The Best Seat in the House

So I finished out my session in the golf cart with George, him checking on me frequently making sure I didn’t have a headache or need to go to the doctor. I got a first hand view of what George was seeing in each of the riders and he stopped to point things out to me, the movement of a leg or heel, the way a rider carried their hands. While I wasn’t on a horse, this was the some of the best education I had all weekend.

George was telling riders and spectators that we had made him rich off of buying his books and using them as coffee table ornaments, rather than reading them or learning from him. Notice me trying not to smile or laugh in the background. Photo by Jennifer Kaiser.

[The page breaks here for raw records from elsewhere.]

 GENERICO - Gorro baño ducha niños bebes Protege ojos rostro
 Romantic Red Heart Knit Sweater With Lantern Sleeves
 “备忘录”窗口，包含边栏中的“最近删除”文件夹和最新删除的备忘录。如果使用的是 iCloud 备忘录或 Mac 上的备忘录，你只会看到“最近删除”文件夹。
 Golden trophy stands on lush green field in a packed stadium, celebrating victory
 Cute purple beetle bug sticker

At the end of our session, I walked South back up to the barn and cleaned up him. I took my time polishing my tack and sorting myself out. I was embarrassed but relieved. I felt like even though I had one of the roughest weekends ever, that I had learned so much and I had survived. I didn’t quit even though I wanted to and despite my brain shutting down today, I still ended with a positive reflection on the weekend.

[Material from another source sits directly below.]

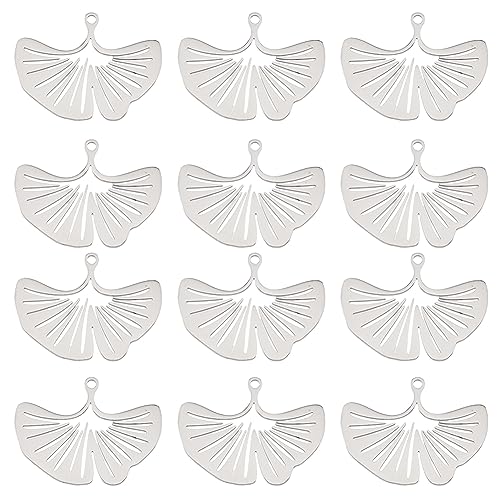 DICOSMETIC 12 Stück Ginkgo Blatt Charms Blattmuster Charms von Der Natur Inspirierter Anhänger Frühlings Herbst Charms Edelstahl Blatt Anhänger Für Die Schmuckherstellung von DICOSMETIC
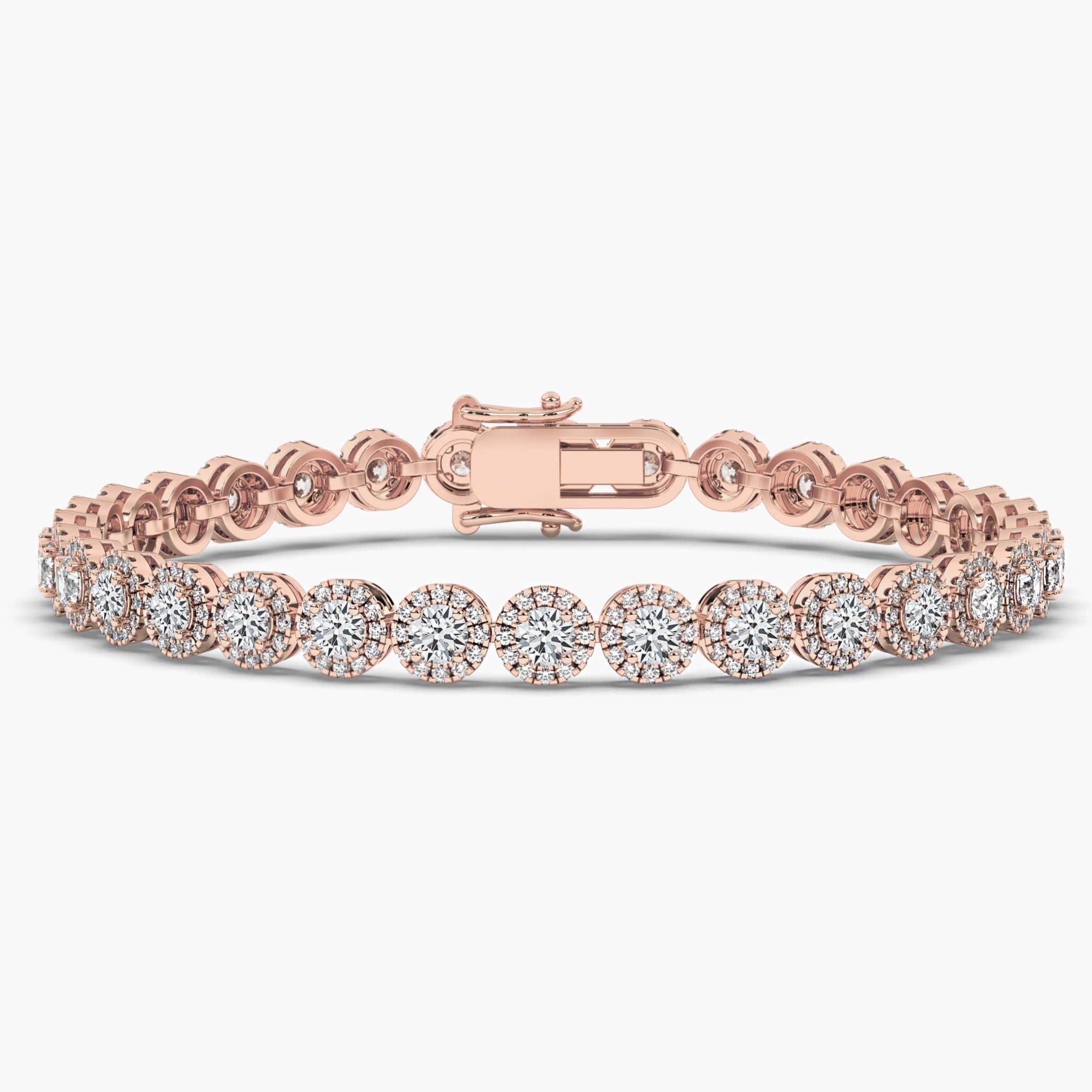 Rose Gold Diamond Halo Tennis Bracelet For Woman's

I walked back down and finished watching the next group jump a massive, terrifying liverpool with ease and admired their beautiful form and bravery. Something George said during that session stuck in my head and I think will now have a permanent place there, “If it is uncomfortable- practice it.”

This whole weekend was full of uncomfortable moments for me and somehow I came out mostly ok. The lessons I learned through the trials and tribulations, however, I could have never learned just by auditing or reading up on articles online. I learned by failing, learned by doing, learned by trying. I learned by pushing myself out of my comfort zone, something I have always struggled to do. So I challenged myself to go home and continue to make myself uncomfortable to the point that it was comfortable.

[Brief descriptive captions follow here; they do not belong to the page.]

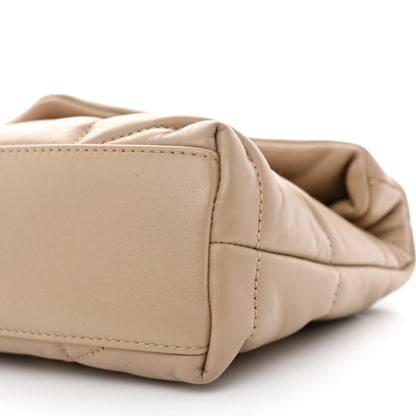 Saint Laurent Lambskin Quilted Toy Loulou Puffer Monogram Chain Satchel Dark Beige 10 of 10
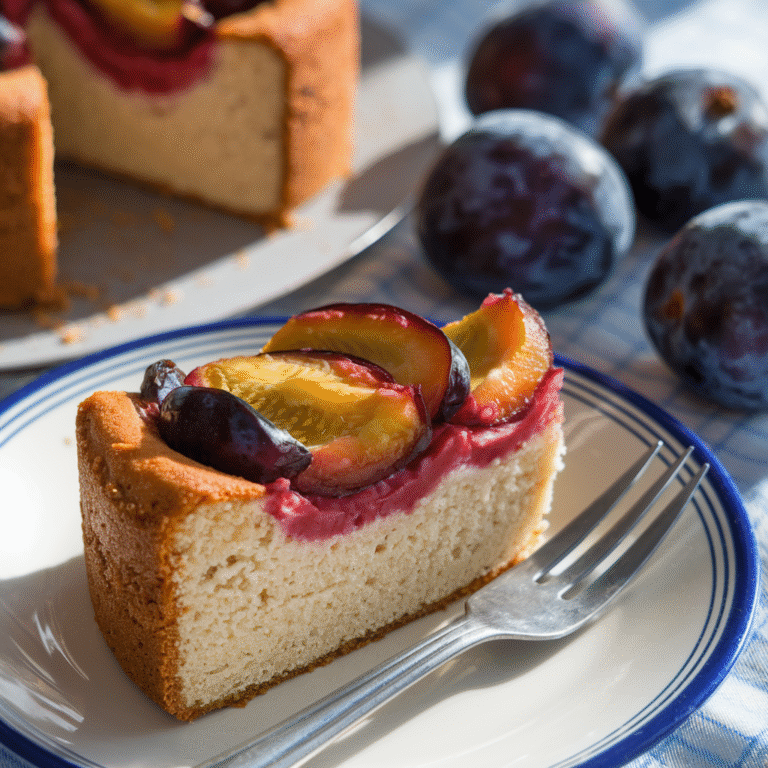 Pflaumenkuchen-Stück auf einem Teller mit Gabel, daneben ein paar frische Pflaumen.
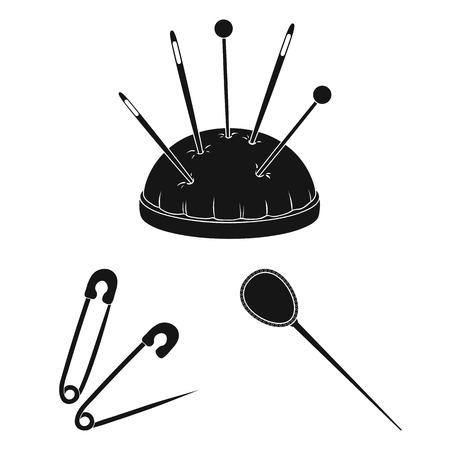 Isolated object of pin and sewing logo. Collection of pin and sketch stock symbol for web.のイラスト素材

After lunch, it was time for me to head home. I thanked Jen and Brody for hosting a beautiful clinic and allowing us to use their amazing facilities. Both of them are truly wonderful equestrians and people. Jen gave me some inspiring end-of-clinic advice and encouraged me to not be discouraged by the outcome and to continue to push myself both in the barn and in the saddle. My expectations of myself as a horsewoman were definitely raised seeing how smoothly their operation runs at Altamonte.

I went to thank George again for his time and even apologize for being the least polished rider there that weekend. A smile grew across his face and he reached across the table and grabbed my hand. “You will get there, Meagan. You will. You just have to keep working. I will be back next year and so will you.”

With my idol. Photo by Anne Barry Weber

So here I am- alive, with a few bumps and bruises and stitches but alive. I am a different person because of this opportunity and because of my idol. So many people prepared me for what to expect. Told me George was going to tear me apart and make me cry. And you know what? They were right, but they were wrong.

George tore me apart and built me back up. He broke down everything I thought I knew and he started the building blocks of a new me. And as I drove away from Altamonte and a weekend with my idol, I did cry. I cried because my dream came true, I cried because I was braver than I had ever been before, and I cried because my idol believed in me.

Now- to be the best me that I can be. See you next year, George.